A new village path has been constructed to provide better access to this hamlet and help in ending its isolation. Till children can start going to a proper government school, a school within the hamlet has been started with the hamlet’s only high school student Sagar teaching the children in evening. At the time of our visit, the assembled children were delighted at the prospects of the Independence Day celebration to be held next day along with distribution of sweets, and insisted that we should come again tomorrow.
So much has been happening recently that the villagers are full of hope regarding the possibilities of future. Similar is the situation in about 20 other villages where VS started implementing this short-term project of FGHR which everyone here hopes can continue for a longer period. Apart from taking up the more specific problems of various villages, what is common to the efforts made in these villages has been to set up community education centers in various villages where on the one hand students from remote villages get a better chance to resolve their problems and perform better at schools, and on the other hand children who have dropped out or are at risk of dropping out can get help for re-joining school. As Mobina, an activist of VS says, efforts to make education more interesting as well as simple are made simultaneously. A community education committee seeks to ensure that the village school, its mid-day meal component and other aspects are functioning properly.

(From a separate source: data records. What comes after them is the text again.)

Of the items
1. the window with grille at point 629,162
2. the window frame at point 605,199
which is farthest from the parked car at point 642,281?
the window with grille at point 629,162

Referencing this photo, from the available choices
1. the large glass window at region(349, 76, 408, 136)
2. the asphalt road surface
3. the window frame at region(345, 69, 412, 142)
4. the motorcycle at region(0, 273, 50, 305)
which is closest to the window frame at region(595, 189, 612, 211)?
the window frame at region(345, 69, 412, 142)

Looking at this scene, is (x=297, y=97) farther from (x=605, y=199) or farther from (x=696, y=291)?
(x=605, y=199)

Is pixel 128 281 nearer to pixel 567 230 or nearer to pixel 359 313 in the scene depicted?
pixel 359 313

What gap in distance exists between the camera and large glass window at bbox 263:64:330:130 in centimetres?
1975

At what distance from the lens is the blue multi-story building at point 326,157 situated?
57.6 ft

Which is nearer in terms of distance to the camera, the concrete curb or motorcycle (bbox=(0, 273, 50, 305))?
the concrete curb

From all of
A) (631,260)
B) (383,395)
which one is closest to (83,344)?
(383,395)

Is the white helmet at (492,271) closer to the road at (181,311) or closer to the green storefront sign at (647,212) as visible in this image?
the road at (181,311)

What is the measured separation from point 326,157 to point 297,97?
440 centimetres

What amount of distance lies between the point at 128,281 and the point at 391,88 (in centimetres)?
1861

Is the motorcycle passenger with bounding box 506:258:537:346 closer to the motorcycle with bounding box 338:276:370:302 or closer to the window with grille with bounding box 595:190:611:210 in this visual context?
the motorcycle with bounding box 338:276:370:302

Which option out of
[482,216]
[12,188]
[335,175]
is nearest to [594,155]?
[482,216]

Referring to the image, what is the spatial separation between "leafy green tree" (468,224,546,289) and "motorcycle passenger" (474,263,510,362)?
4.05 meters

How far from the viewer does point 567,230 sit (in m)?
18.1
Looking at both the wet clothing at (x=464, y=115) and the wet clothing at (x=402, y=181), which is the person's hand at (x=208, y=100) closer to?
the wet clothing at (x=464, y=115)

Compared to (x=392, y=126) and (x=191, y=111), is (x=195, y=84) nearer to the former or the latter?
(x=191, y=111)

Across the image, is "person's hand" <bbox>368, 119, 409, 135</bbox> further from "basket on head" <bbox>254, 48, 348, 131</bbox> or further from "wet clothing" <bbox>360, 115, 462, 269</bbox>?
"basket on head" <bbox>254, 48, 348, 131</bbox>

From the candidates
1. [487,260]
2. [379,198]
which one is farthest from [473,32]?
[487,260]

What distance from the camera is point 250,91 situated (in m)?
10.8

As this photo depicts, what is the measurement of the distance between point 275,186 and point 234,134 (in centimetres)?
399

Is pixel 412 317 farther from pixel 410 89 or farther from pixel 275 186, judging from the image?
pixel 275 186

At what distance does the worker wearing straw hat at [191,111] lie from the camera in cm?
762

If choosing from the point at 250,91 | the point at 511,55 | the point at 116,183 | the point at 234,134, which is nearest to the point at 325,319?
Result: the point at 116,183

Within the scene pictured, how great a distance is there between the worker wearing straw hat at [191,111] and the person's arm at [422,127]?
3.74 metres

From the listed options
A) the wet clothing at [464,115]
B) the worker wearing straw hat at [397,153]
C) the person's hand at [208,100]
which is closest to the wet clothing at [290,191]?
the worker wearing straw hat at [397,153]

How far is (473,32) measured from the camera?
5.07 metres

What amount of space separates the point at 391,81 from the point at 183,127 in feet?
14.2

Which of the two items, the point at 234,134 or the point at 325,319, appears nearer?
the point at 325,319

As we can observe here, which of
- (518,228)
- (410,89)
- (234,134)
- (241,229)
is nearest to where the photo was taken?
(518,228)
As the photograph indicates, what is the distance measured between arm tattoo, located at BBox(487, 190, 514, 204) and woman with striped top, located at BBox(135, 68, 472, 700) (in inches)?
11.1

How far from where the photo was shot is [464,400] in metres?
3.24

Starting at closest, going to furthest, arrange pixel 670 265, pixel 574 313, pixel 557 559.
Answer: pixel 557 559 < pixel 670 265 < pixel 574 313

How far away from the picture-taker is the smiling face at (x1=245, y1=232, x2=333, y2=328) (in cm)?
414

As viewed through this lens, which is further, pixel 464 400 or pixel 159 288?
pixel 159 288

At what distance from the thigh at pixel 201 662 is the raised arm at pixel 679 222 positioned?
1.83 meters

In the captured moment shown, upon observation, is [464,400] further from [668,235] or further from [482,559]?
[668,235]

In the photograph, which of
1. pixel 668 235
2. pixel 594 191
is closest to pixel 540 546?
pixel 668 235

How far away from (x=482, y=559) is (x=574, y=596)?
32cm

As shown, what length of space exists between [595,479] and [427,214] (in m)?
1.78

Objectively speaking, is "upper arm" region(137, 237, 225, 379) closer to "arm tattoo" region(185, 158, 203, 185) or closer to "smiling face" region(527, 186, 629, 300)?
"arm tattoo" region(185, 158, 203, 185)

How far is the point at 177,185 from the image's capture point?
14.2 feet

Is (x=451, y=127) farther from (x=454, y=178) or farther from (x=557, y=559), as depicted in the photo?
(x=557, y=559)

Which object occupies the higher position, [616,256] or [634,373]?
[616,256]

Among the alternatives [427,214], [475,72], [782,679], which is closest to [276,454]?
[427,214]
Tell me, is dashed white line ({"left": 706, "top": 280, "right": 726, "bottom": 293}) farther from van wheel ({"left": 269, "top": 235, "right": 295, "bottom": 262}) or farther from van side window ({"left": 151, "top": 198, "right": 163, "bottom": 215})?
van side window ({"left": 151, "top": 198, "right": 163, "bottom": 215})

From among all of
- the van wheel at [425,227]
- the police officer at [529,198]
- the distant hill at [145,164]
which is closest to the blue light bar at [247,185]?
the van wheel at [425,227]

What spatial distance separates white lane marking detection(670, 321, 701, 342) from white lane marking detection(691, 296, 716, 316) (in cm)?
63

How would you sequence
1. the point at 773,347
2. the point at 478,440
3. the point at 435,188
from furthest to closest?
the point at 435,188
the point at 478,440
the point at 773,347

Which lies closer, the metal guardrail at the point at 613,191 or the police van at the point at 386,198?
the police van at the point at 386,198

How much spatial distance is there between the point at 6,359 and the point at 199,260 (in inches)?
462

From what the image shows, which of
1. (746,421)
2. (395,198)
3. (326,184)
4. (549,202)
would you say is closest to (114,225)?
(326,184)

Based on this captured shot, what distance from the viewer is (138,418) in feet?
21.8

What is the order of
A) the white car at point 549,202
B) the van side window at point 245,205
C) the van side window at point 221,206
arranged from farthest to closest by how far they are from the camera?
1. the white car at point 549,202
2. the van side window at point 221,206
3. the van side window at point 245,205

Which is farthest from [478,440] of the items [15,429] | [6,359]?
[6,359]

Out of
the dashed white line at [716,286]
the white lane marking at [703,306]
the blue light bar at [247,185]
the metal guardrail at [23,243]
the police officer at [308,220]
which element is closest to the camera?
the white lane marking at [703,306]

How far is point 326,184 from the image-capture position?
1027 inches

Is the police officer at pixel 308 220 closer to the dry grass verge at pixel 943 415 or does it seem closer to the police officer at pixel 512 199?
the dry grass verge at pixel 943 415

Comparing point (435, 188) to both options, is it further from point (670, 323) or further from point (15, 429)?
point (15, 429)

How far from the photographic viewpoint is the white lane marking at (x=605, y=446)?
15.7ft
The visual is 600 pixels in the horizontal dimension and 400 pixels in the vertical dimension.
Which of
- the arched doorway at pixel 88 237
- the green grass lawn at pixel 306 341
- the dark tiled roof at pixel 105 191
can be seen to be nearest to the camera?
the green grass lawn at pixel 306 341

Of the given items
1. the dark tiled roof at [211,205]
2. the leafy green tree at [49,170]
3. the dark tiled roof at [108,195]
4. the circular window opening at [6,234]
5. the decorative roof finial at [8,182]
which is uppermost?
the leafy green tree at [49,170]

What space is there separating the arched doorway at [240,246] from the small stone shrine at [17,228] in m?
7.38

At the same time, groups of adolescent girls which on the one help the work of community education center ( a member of a group of adolescent girl group or kishori samooh can be a member of an education center too) and on the other hand the group also helps girls to avoid child marriage or marriage at too early an age, at the same time increasing the prospects of their education, health and overall well-being.
Women’s groups use united action to resist any causes of domestic or sexual violence. Women who have been victims of molestation have been helped to avoid any further harassment and to get justice including actions against culprits and compensatory payment which can exceed one hundred thousand Rs. in a single case.
Similarly any cases of injustice or atrocity against anyone particularly the poorest sections of society, actions to avoid further harassment and to secure justice for them are initiated by VS activists in cooperation with communities. On the 30th of every month a public hearing called Chingari Chaupal is organized at the VS office to hear various cases of injustice and to discuss and initiate the remedial actions that can be taken.
How various government welfare schemes can be best used for the welfare of the weakest sections has been one of the most urgent concerns of the VS. Its activists of various previous programs are well-trained in this work. A companion women’s organization called Chingari has been playing an important role in this as well in actions against various injustices. These experienced activists have made an important contribution in the success of the work taken up more recently in Mahuwa and Bisanda blocks contributing to bringing new hope within a short time of about 7 to 8 months.